Head's Up! These forums are read-only. All users and content have migrated. Please join us at community.neo4j.com.
03-01-2019 12:44 PM
My query time varies from 1min to 5min to 20min when running. Is there a reason for this inconsistency?
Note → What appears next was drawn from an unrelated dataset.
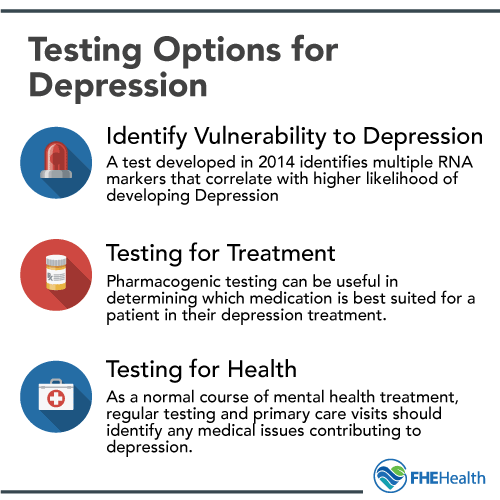 Testing Options for Depression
Is it because of the rand() in the first MATCH?
MATCH (a:Tops) WITH a ORDER BY rand() LIMIT 1
MATCH (a) -[s1:CC_SCORE]- (b:Bottoms),
(a) -[s2:CC_SCORE]- (c:Shoes),
(a) -[s3:CC_SCORE]- (d:Bags),
(a) -[s4:CC_SCORE]- (e:Jewelry),
(b:Bottoms) -[s5:CC_SCORE]- (c:Shoes),
(b:Bottoms) -[s6:CC_SCORE]- (d:Bags),
(b:Bottoms) -[s7:CC_SCORE]- (e:Jewelry),
(c:Shoes) -[s8:CC_SCORE]- (d:Bags),
(c:Shoes) -[s9:CC_SCORE]- (e:Jewelry),
(d:Bags) -[s10:CC_SCORE]- (e:Jewelry)
RETURN toFloat(s1.score) + toFloat(s2.score) + toFloat(s3.score) + toFloat(s4.score)
+ toFloat(s5.score) + toFloat(s6.score) + toFloat(s7.score) + toFloat(s8.score)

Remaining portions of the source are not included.